Fly-Fishing Midwestern Spring Creeks: an Angler’s Guide to Trouting the Driftless Area, by Ross A. Mueller.
Published in 1999, this work has a slightly a different focus than the first two. For example, there’s a chapter on “Resources,” another on “Casting,” one on “Equipment,” and still another on “Two-fly Systems.” Mueller also gives advice about fishing each season of the year, with specific information about flies to use and when (for instance—“Remember the advice dark day, dark fly—light day, light fly”). The author’s Driftless Area Stream Locator maps in the “Introduction” are detailed and easy to read, and what’s most helpful is that throughout the book he includes color photos of flies and the “ingredients” for them. Then he tells the reader how to fish each of these flies.
Fly-Fishing for Trout in Southeast Minnesota. . . a Trout Chaser’s Guide, by Bob Trevis.
This is the most recent of these four books, published in 2016, so it has up-to-date information. And while it provides accurate knowledge about where to fish our Southeast Minnesota streams and rivers, I enjoyed reading his chapter on the Driftless Area and one called “Be Careful out There” (especially apt for an aging angler like me).
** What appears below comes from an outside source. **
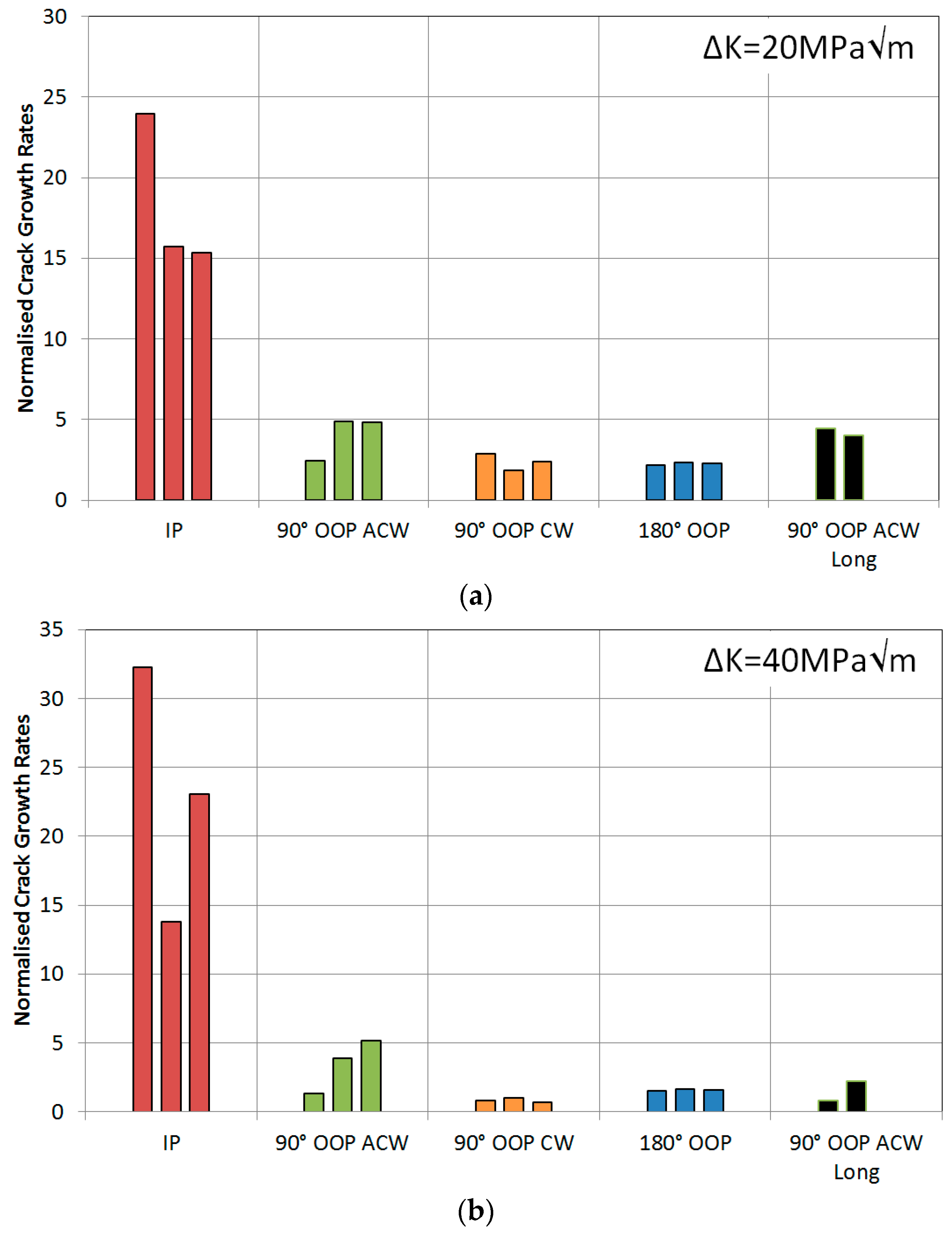 Materials 10 00034 g020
As a former high school English teacher, I liked the occasional epigrams the author included such as “You don’t stop fishing because you get old. . . you get old because you stop fishing” or “I’d rather be lost on the river than found in the city.” One of the best features of the book is its color photos. There are pictures of fish caught, fishermen climbing over stiles and casting flies, old mills, improved stream sections, winter fishing scenes. Then there are photos of signs such as this one at Hay Creek: “Do not cross pasture unless you can do it in 3.7. The bull can do in in 3.8.” Another good chapter (“Getting Involved”) encourages anglers to join TU and other organizations working to preserve our streams and our natural environment.
So many other fly-fishing titles on my bookshelves call out “Please read me again”: Shawn Perich’s Fly-Fishing the North Country, Tom Rosenbauer’s The Orvis Guide to Prospecting for Trout, Terry and Wendy Gunn’s 50 Best Tailwaters to Fly Fish, and two by John Gierach (Trout Bum and Still Life with Brook Trout). But those are my books, what about yours? Why not take down your falling-apart copy of A River Runs Through It? Better yet, watch the movie with your 10-year-old son, a fly-angler-in-training. This would surely brighten your day. And if you’re into poetry, I recommend two books I just read by fly- fishing friends Larry Gavin (A Fragile Shelter) and Justin Watkins (A Mark of Permanence). Some excellent poems about fishing of course, but so much more. Oh yes, one more thing, I’ll re-read Steve Kinsella’s Trout Fishing in the Black Hills if the South Dakota trip materializes later this year. I’m crossing my fingers. So head over to your bookshelves, pull out your favorite fly-fishing books, and hunker down for some good times with your “old friends.”